There are some charming touches – the visit to Japan features kimono-wearing geisha cars, even vehicular sumo wrestling. The visit to England features vehicles wearing bobbies’ helmets and beefeater hats; the French vehicles wear berets; the Italian interlude contains a serenade of dancing Fiat 500s and so on. Not to mention that Pixar have expanded the range of vehicles on display to include everything from submarines, tugs, warships, helicopters and trains to a variety of planes.

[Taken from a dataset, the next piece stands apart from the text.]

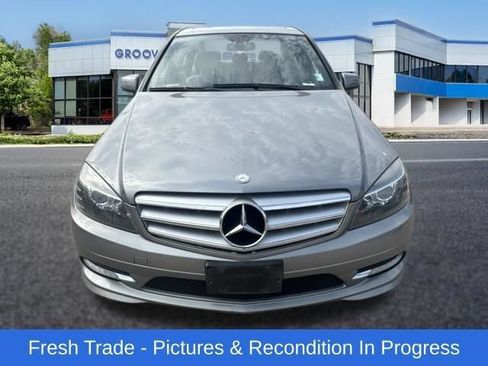 Used 2011 Mercedes-Benz C 300 Sedan image 8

Among the new characters, the show is stolen by two star voicing turns – Emily Mortimer as the smart and sexy Jaguar, where Mortimer delivers the role with the sort of posh English accent that can be determined to get men worked up (I can’t believe I am writing that about an animated car); and from John Turturro who is positively hilarious as a fierily egotistical and posturing macho Italian Formula 1 racing car.

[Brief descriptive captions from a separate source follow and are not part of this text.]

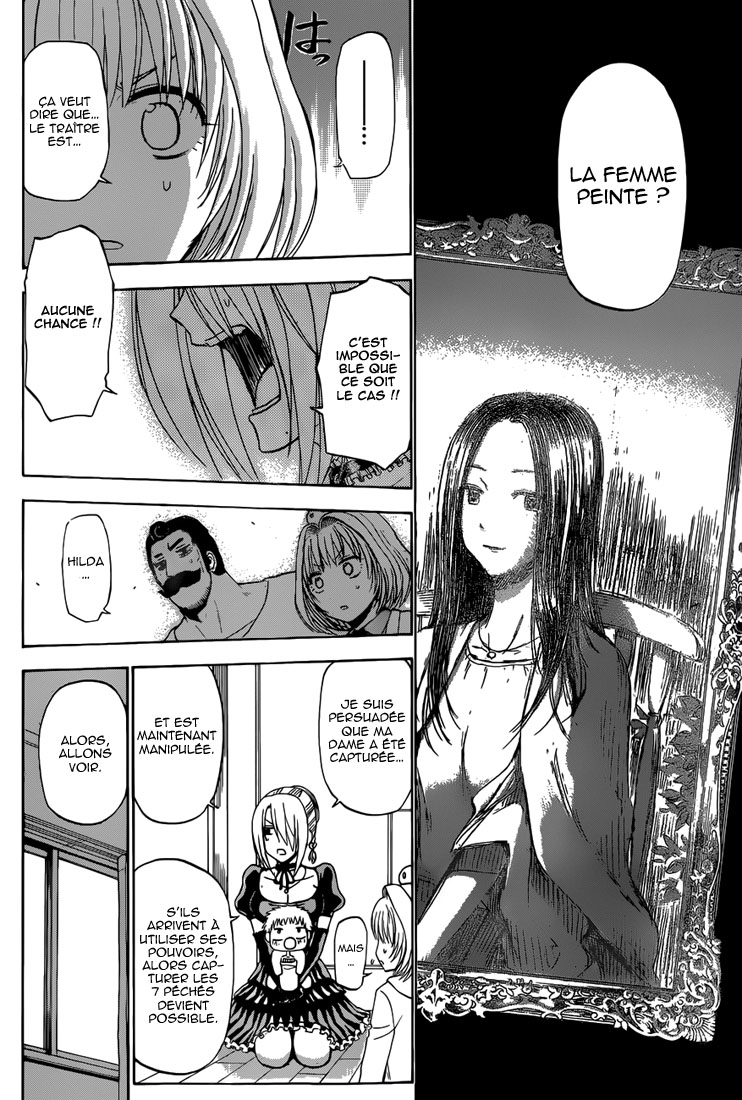 Lecture en ligne Beelzebub 226 page 14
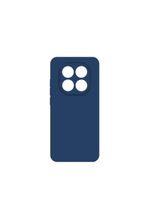 Capa Protetora De Silicone P/ Redmi Note 14 Pro 5g / Poco X7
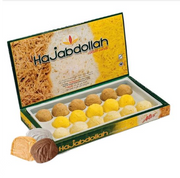 Mixed Cotton Candy Loghmeh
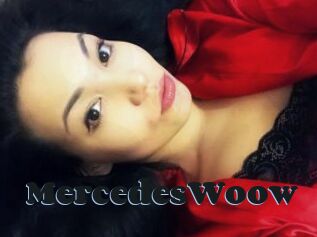 MercedesWoow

Mater (voiced by Larry the Cable Guy) meets the spy car Finn McMissile (voiced by Michael Caine) in Cars 2 (2011)
Mater (voiced by Larry the Cable Guy) (r) meets the spy car Finn McMissile (voiced by Michael Caine) (l), an Aston Martin

Cars 2 is certainly a different film from Cars. While many of the central characters make reappearances, the story has moved away from Radiator Springs apart from a handful of bookend opening and closing scenes. The reasons for this may well have been the death of Paul Newman in 2008. John Lasseter refused to recast the part. The film does offer up a tribute to Newman (or at least the character of Doc Hudson) during a visit to Hudson Hornet museum in Radiator Springs.

In fact, what we have now seems to be more of a story focused around Mater than it does the first film’s protagonist Lightning McQueen – Lightning has a largely supporting part in this film. It may simply be that Lightning McQueen’s story – the hotshot who learns to appreciate the traditional, slower things in life – was as all it could be in the first film and Pixar could not see anything new to add to this.

The first film had a strong and effective character arc about Lightning McQueen learning to value the more laidback ways of the small town he ends up trapped in. Cars 2 has abandoned that and is largely a spy caper. The tone of the two films is very different – Cars was mostly founded in the cuteness of its concept and beneath that had a genteel, contemplative and eventually surprisingly serious message about tradition; Cars 2 is just a fun spoofy adventure, which adds spies, black-hat villains and a scheming mad scientist to the mix.

The sequel does have an odd message that is eventually arguably against alternative fuel sources (although this does involve a confusing set of motivations for the villain of the show). The plot does have a surprising number of similarities to Disney’s Herbie Goes to Monte Carlo (1977), which featured the talking Volkswagen entering a European Grand Prix where it became caught up in a comedy caper after a stolen diamond was placed inside his gas tank.

This was followed by Cars 3 (2017). Disney subsequently spun the world of Cars off with Planes/World of Cars: Planes (2013) and Planes: Fire & Rescue (2014).